2022 U.S. Dist. Lexis 41831 (W. D. Wash. 2022)
In this case, Zillow filed a motion to dismiss IBM’s claims of patent infringement on the grounds of ineligible subject matter under 35 U.S.C § 101. The ‘676 patent generally relates to a method of annotating response sets via an adaptive algorithm and the supplied annotations are used for a visualization system that present resource response results. In the specification, the ‘676 patent states that the “system discovers contexts and context attributes among users which can be used predictively,” by using “a highly specialized and optimized combination of supervised & unsupervised logic along with” automated entry of learned results. Col. 19, Lines 39-44.
Although the specification of the ‘676 Patent appears to describe improvements relating to computer and/or search engine functionality, the Court focused on the subject matter recited in the claims for step one of the Alice inquiry. The Court found that the claimed subject matter was directed to an abstract idea because the claim language was result-oriented and recited a process that could be performed with a pen and paper. The claims failed to recite the inner functionality of the invention.

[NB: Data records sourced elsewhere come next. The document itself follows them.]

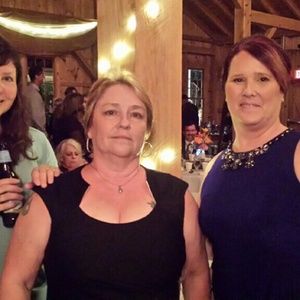 Meet your Posher, Vickie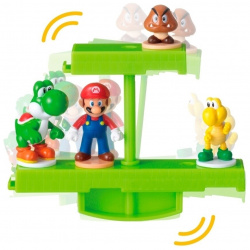 Супер Марио "Уровень на земле" Super Mario 04167340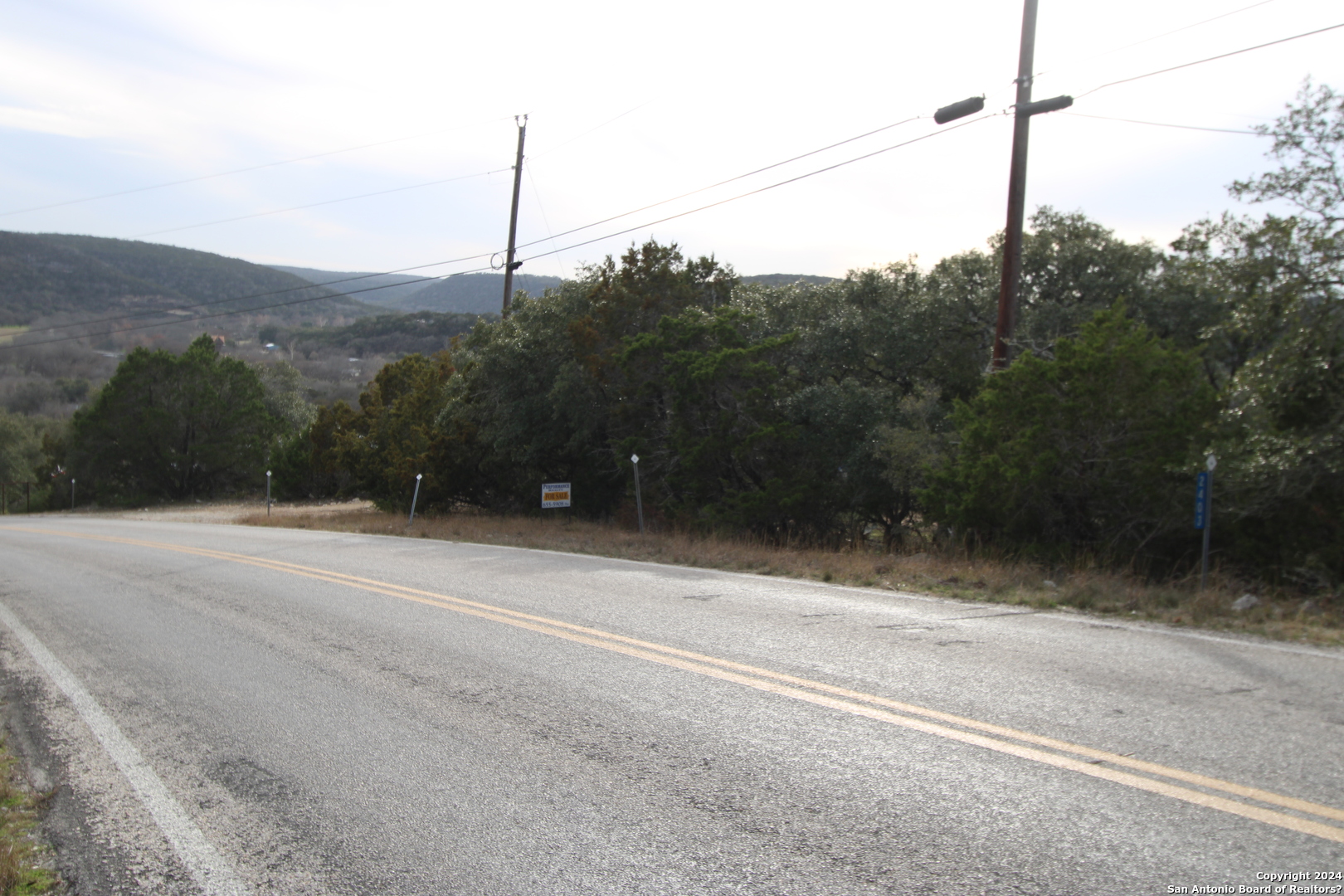 2395 Summit Drive New Braunfels TX 78132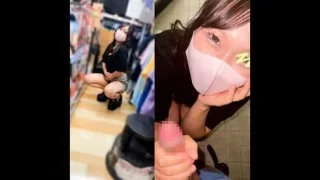 【撮影バレ→見せつけ#29】過去最大級のビッ痴に遭遇 - FC2 Video - 390349
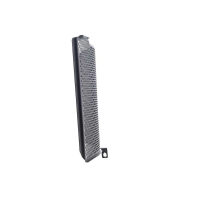 PROTECTION DE RADIATEUR KAWASAKI ZX6R 636 (2009-2025)
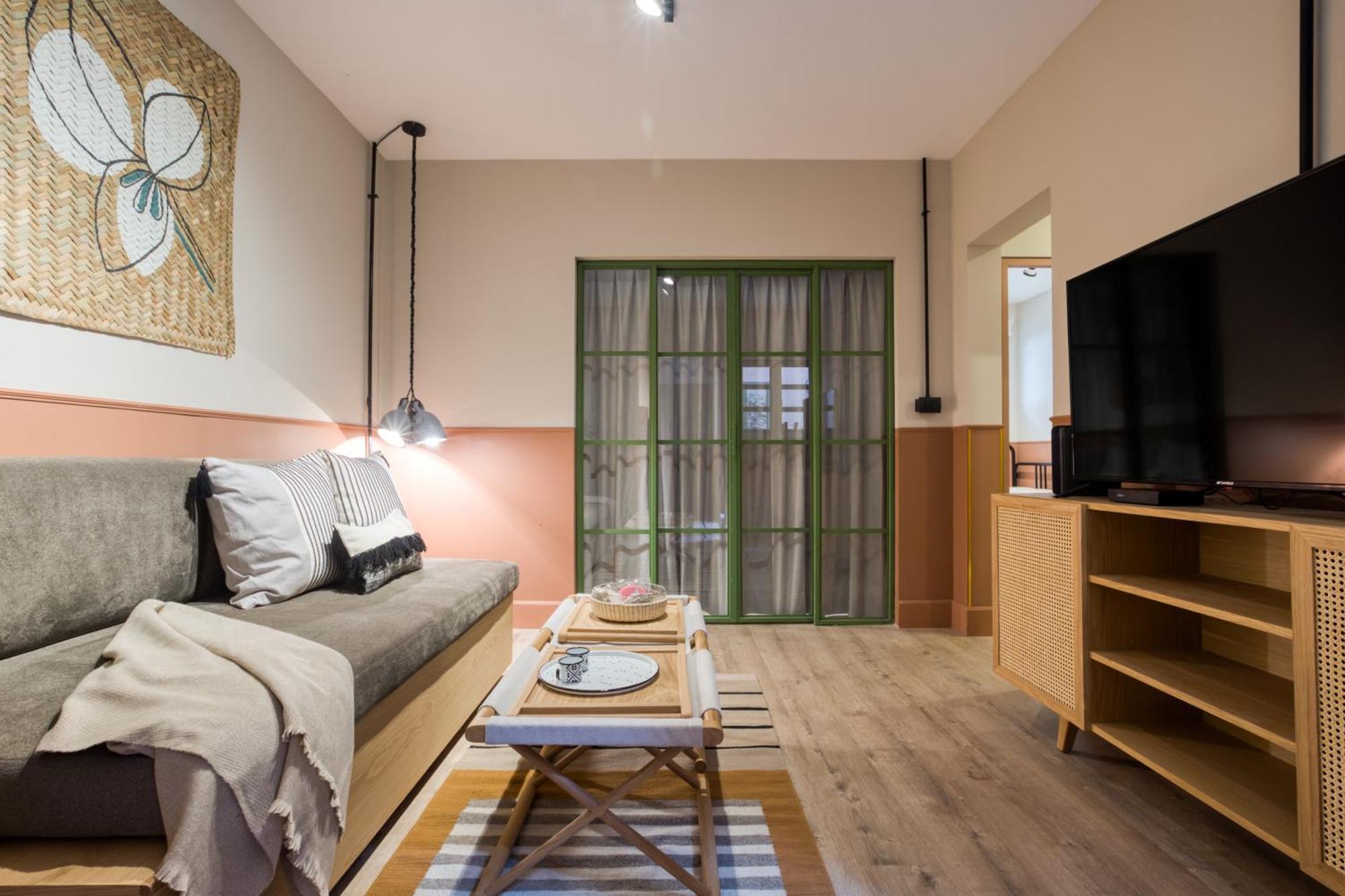 Apartament Casa Oliva Meksyk Zewnętrze zdjęcie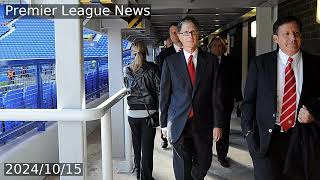 John Henry told FSG bought the wrong club on humiliating day for Liverpool [upl. by Gladi]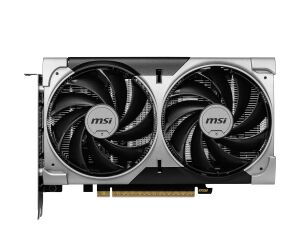 MSI GEFORCE RTX 5060 8G VENTUS 2X OC V1
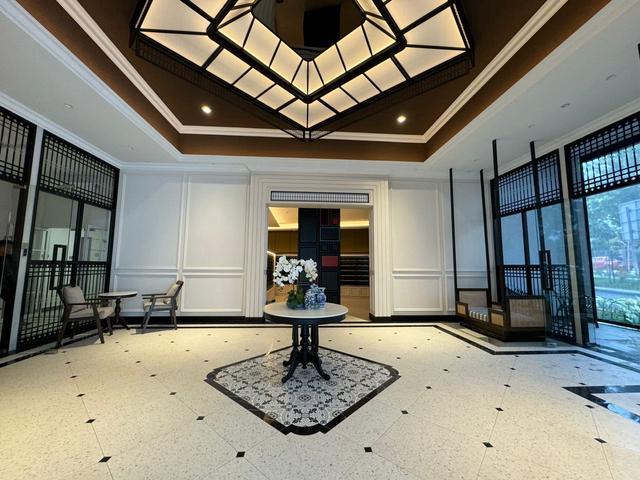 Serviced Residence for rent in Country Heights Damansara, Kuala Lumpur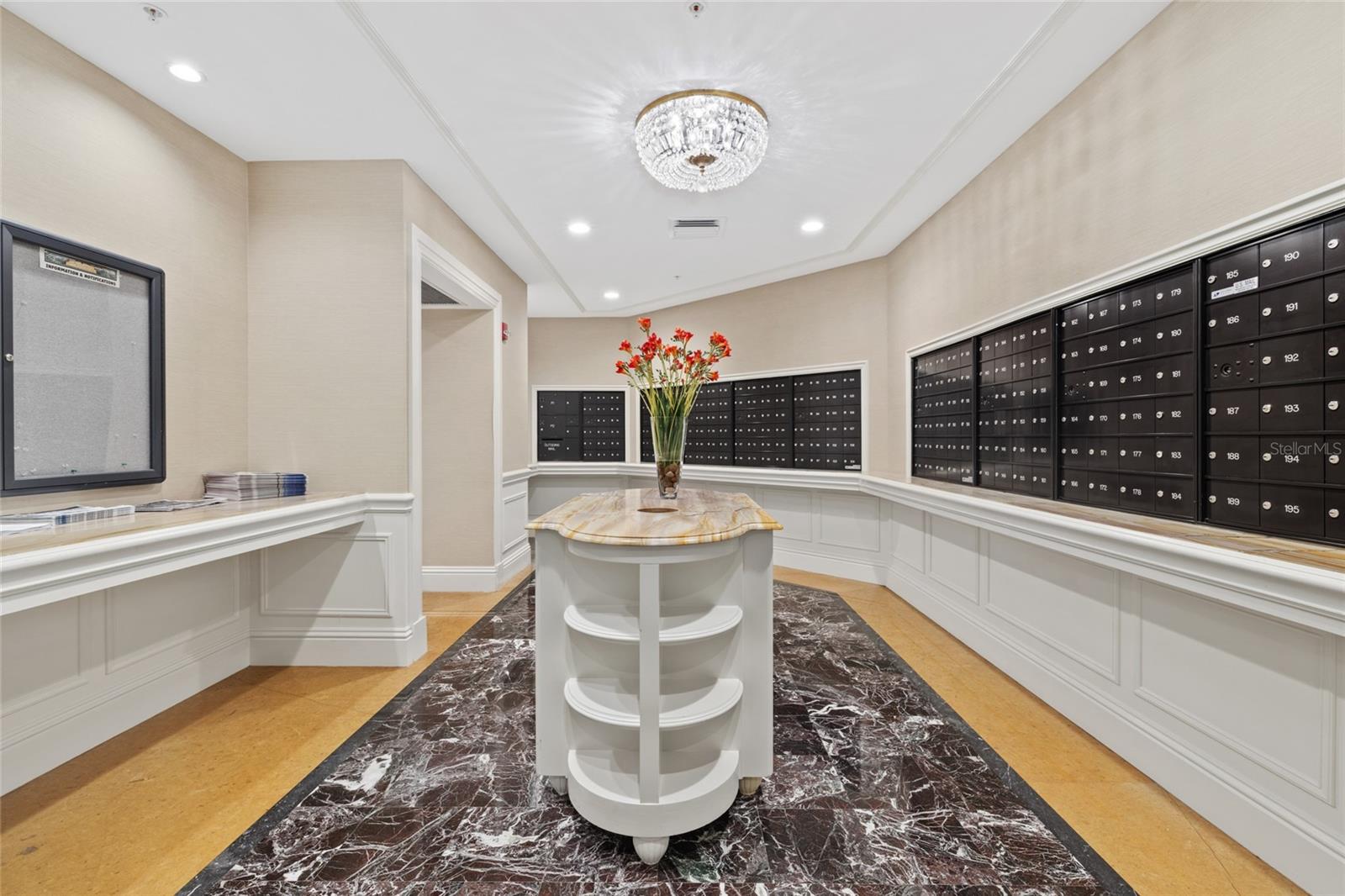 ALINARI - Residential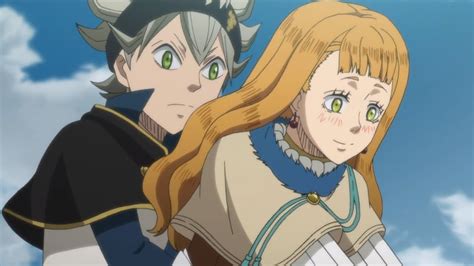 Purchase a black bulls replica cape! Black Clover Chapter 250 Release Date, Spoilers: Noelle ...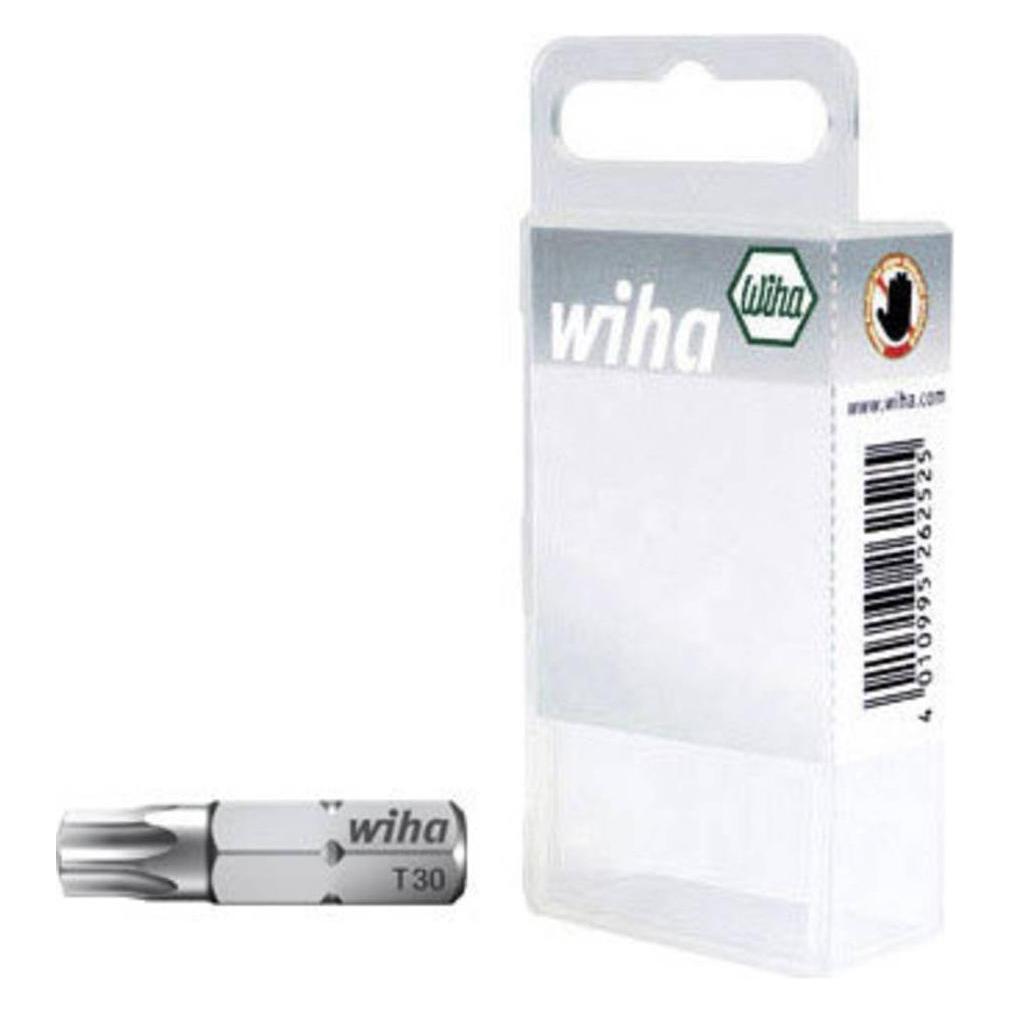 Wiha Torx-Bit T 15 SB-Bit 7015 Z Ch (34746)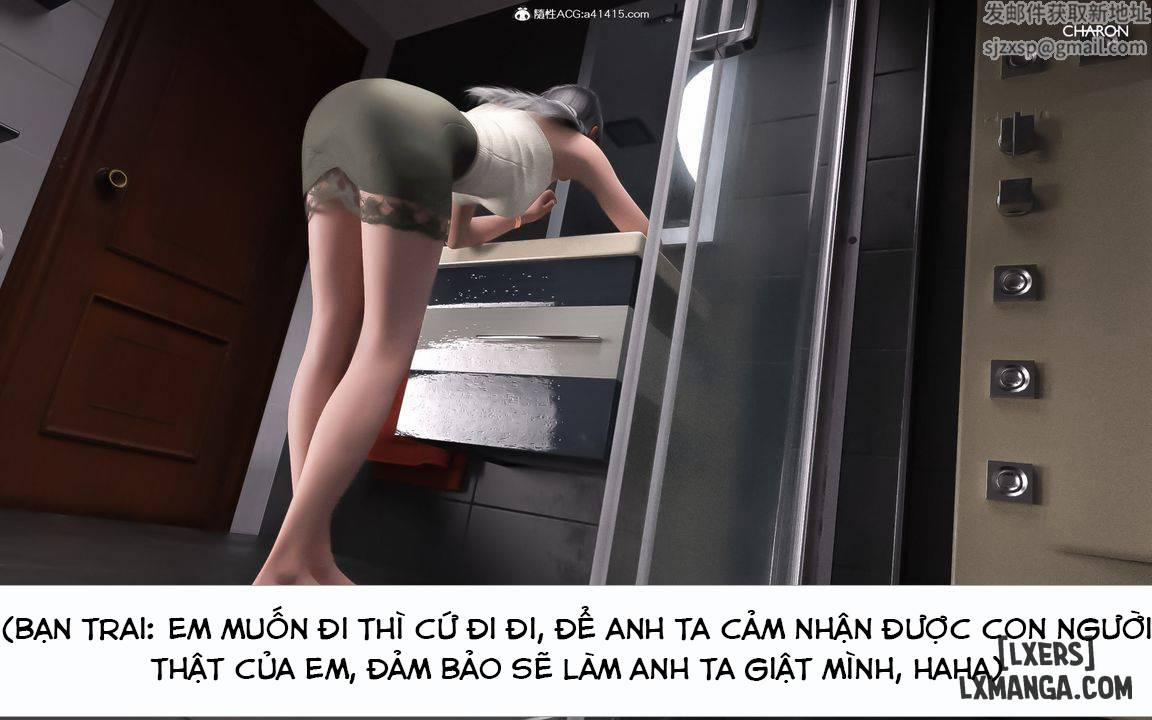 Săn Gái - Chị Gái 2 trang 20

Under Alice step two, the Court concluded that the claims failed to satisfy the second Prong of the test for a couple of reasons. First, the specification failed to provide a description of the alleged inventive concepts offered by IBM. Second, the Court determined that the claims in the ‘676 patent do not provide a specific, discrete implementation of the abstract ideas for applying and ordering an annotation function, mapping the user context vector with the resource response set, or generating an annotated response set. Accordingly, the Court concluded the ‘676 Patent is invalid under 101 and the related patent infringement count is dismissed for failing to state a claim upon which relief can be granted.